Every entry is to be returned as it stands, apart from the pictures.
____ Task data
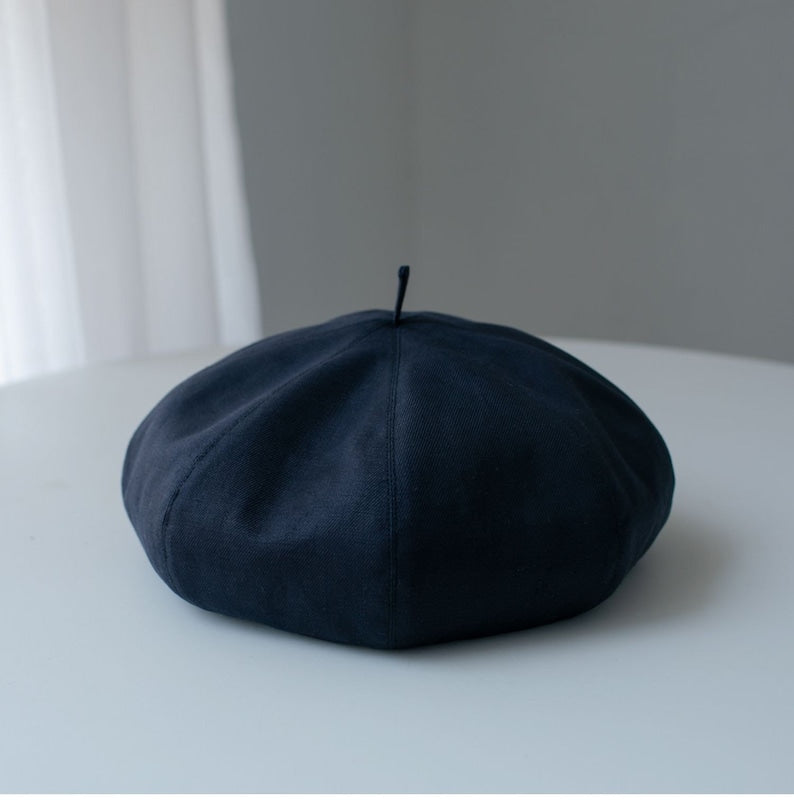 Solid Colour Oversized Linen Tip Beret Hat for Women Mspineapplecrafts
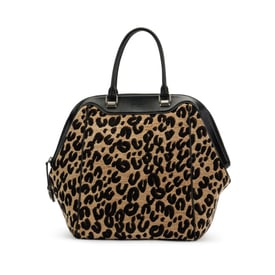 Louis Vuitton Stephen Sprouse Tan and Black Leopard Chenille and Leather North-South Bag Silver Hardware, 2012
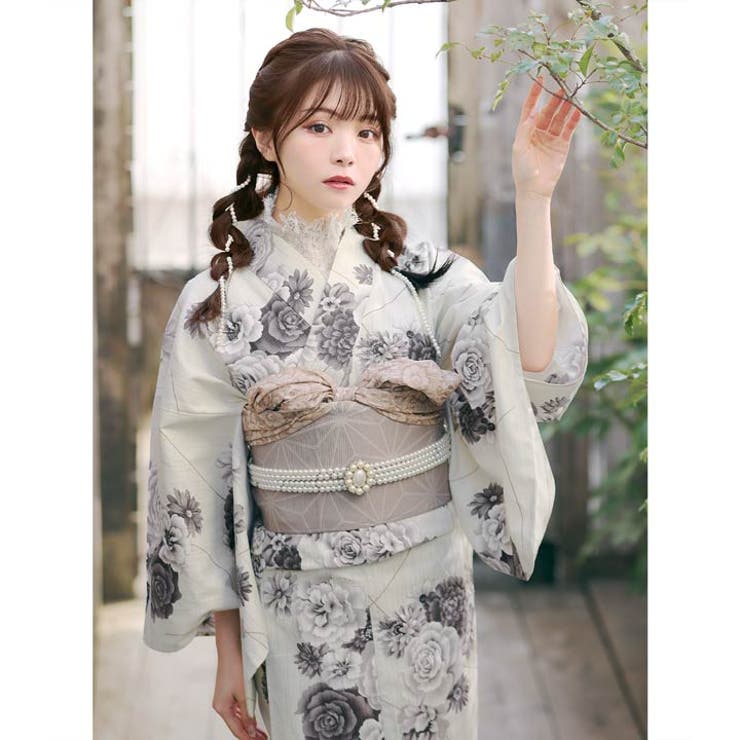 【お年玉セール特価】 3点SET]アンティーク薔薇柄浴衣【YUKATA by dazzy】[品番 着物・浴衣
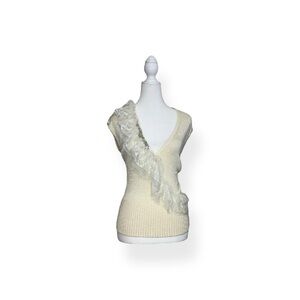 bebe Cream V-Neck Sweater with Ruffle Accent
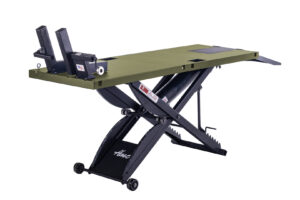 SL-3090 Motorcycle Lift Olive Drab Cycle Vise - Right Side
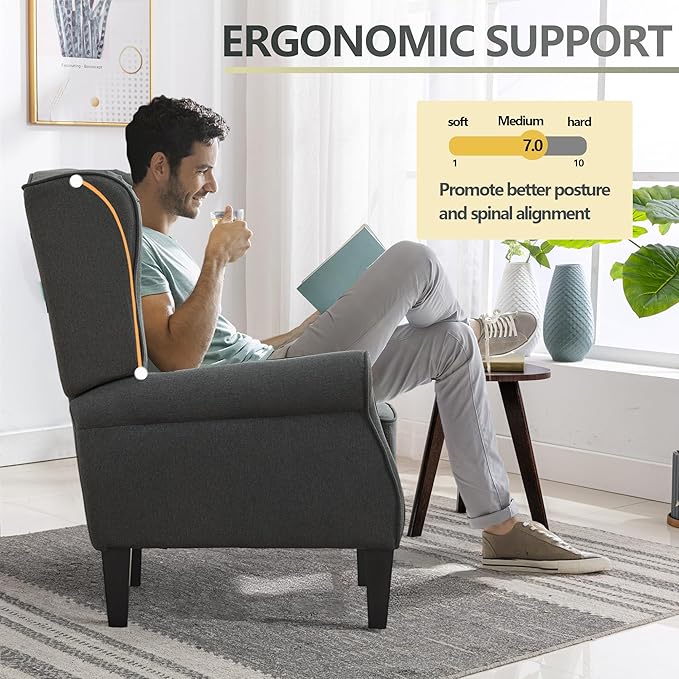 Dark Grey Accent Chairs, Modern Living Room Single Wingback Sofachair, Classic Bedroom High Back Reading Seats, Bussiness Upholstered Arm Chairs for Office, Guest Room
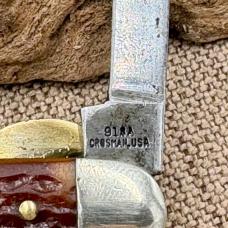 Crosman 918A 2 Blade Vintage Folding Pocket Knife Jigged Delrin Handles (131)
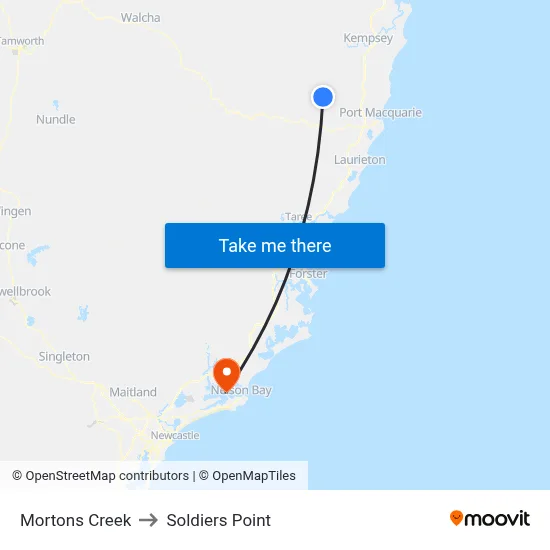 Mortons Creek to Soldiers Point map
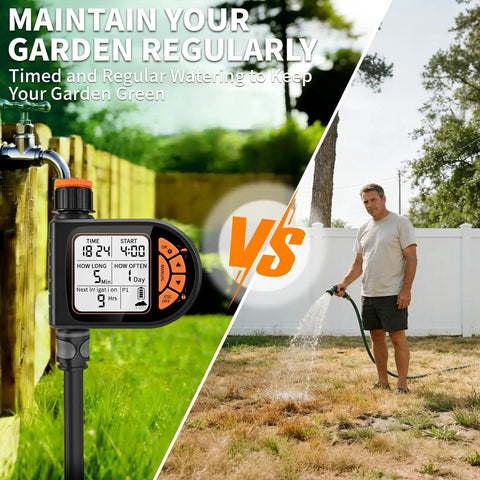Plug And Play Programmable Sprinkler Timer For Garden Hose With Rain Delay And Manual Watering Child Lock Outdoor Weatherproof Automatic Irrigation System For Yard Lawn Pool Garden, showing comparison with manual watering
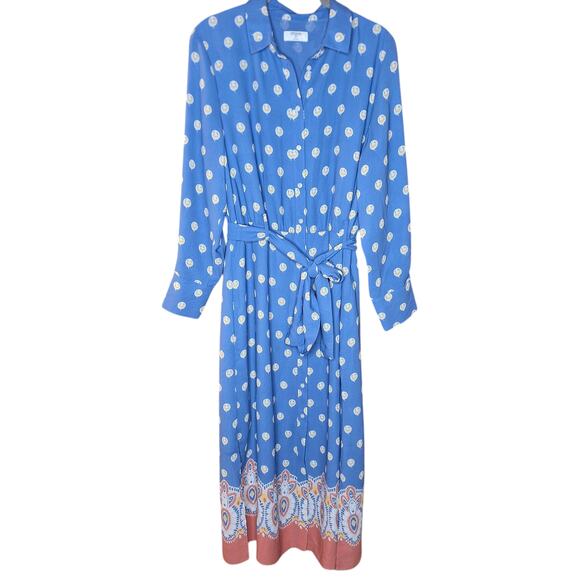 Untuckit size 6 Susan midi dress block print long sleeve button down shirt dress - Picture 2 of 11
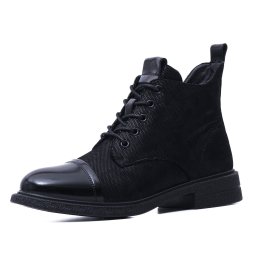 Botine dama din piele intoarsa, PASS Collection, M5M570010B O7-I, negru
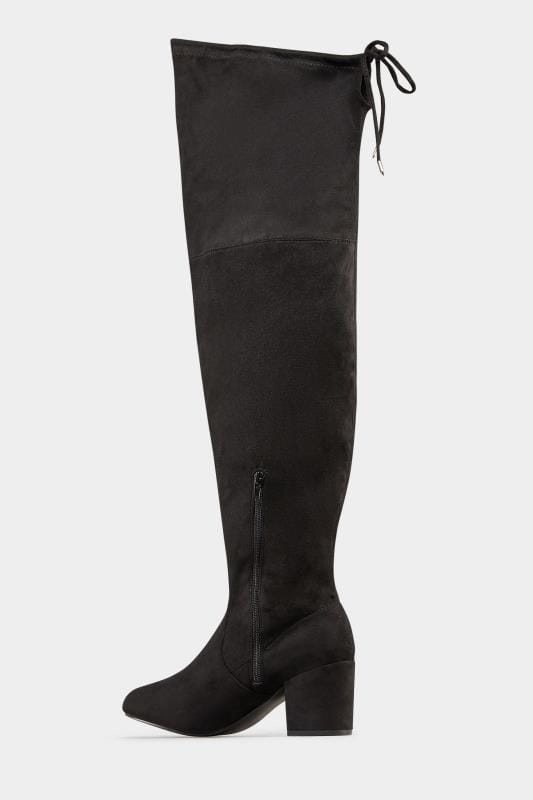 Black Faux Suede Over The Knee Boots In Wide E Fit & Extra Wide EEE Fit | Yours Clothing 5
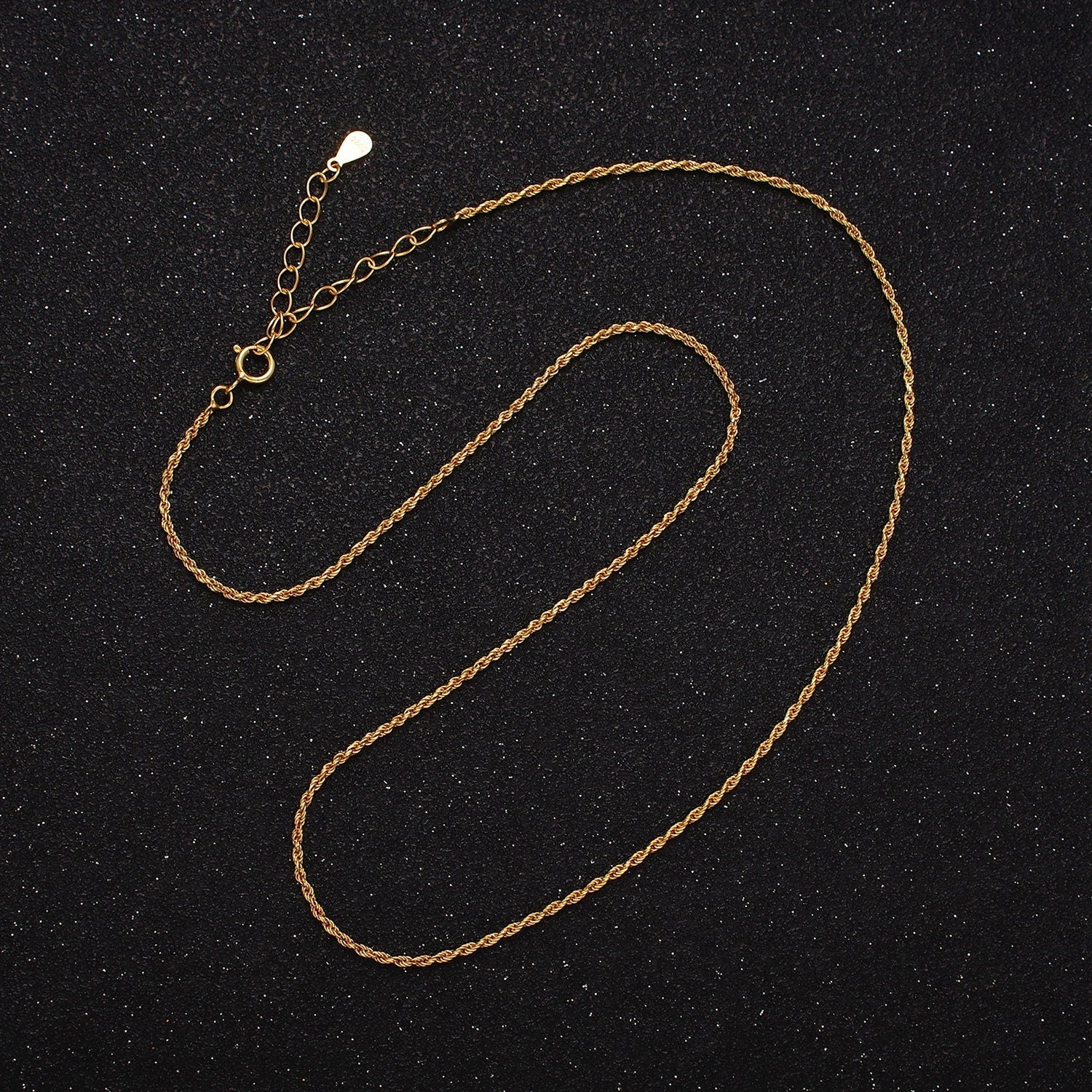 16K Gold Vermeil S925 Sterling Silver 1.2mm Dainty Twisted Rope Chain Necklace | WA-1956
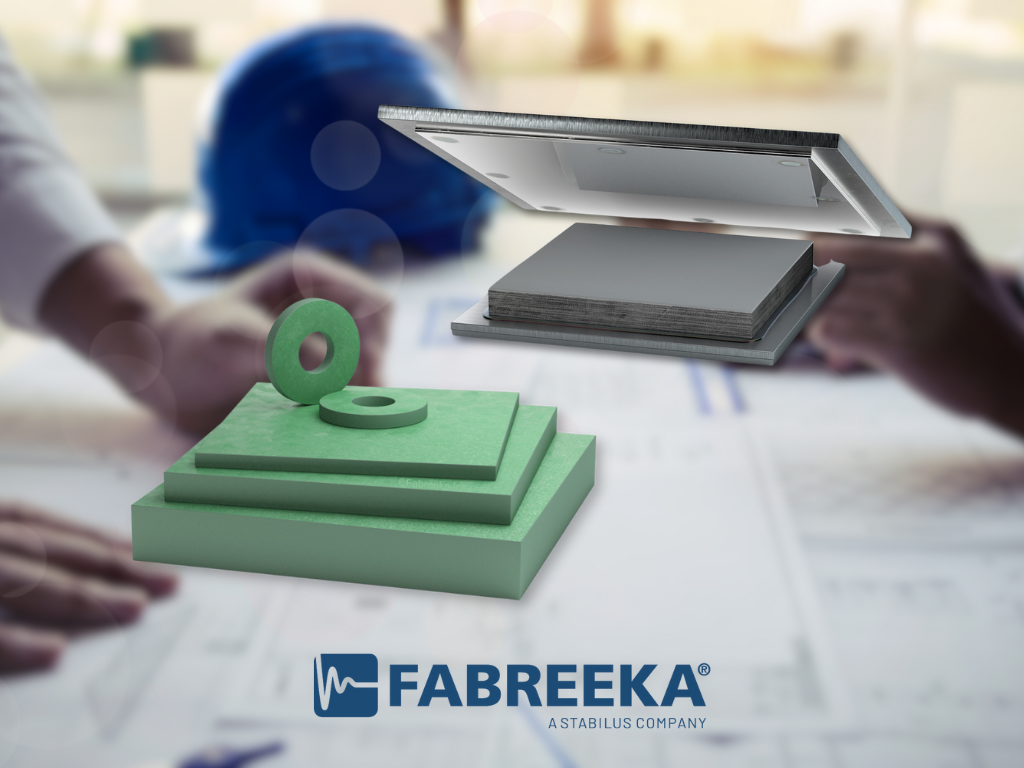 Image of structural engineers drawing designs featuring Fabreeka slide bearings and Fabreeka-TIM thermal break in the foreground.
________
» Response to this task:
 Solid Colour Oversized Linen Tip Beret Hat for Women Mspineapplecrafts
 Louis Vuitton Stephen Sprouse Tan and Black Leopard Chenille and Leather North-South Bag Silver Hardware, 2012
 【お年玉セール特価】 3点SET]アンティーク薔薇柄浴衣【YUKATA by dazzy】[品番 着物・浴衣
 bebe Cream V-Neck Sweater with Ruffle Accent
 SL-3090 Motorcycle Lift Olive Drab Cycle Vise - Right Side
 Dark Grey Accent Chairs, Modern Living Room Single Wingback Sofachair, Classic Bedroom High Back Reading Seats, Bussiness Upholstered Arm Chairs for Office, Guest Room
 Crosman 918A 2 Blade Vintage Folding Pocket Knife Jigged Delrin Handles (131)
 Mortons Creek to Soldiers Point map
Plug And Play Programmable Sprinkler Timer For Garden Hose With Rain Delay And Manual Watering Child Lock Outdoor Weatherproof Automatic Irrigation System For Yard Lawn Pool Garden, showing comparison with manual watering
 Untuckit size 6 Susan midi dress block print long sleeve button down shirt dress - Picture 2 of 11
 Botine dama din piele intoarsa, PASS Collection, M5M570010B O7-I, negru
 Black Faux Suede Over The Knee Boots In Wide E Fit & Extra Wide EEE Fit | Yours Clothing 5
 16K Gold Vermeil S925 Sterling Silver 1.2mm Dainty Twisted Rope Chain Necklace | WA-1956
 Image of structural engineers drawing designs featuring Fabreeka slide bearings and Fabreeka-TIM thermal break in the foreground.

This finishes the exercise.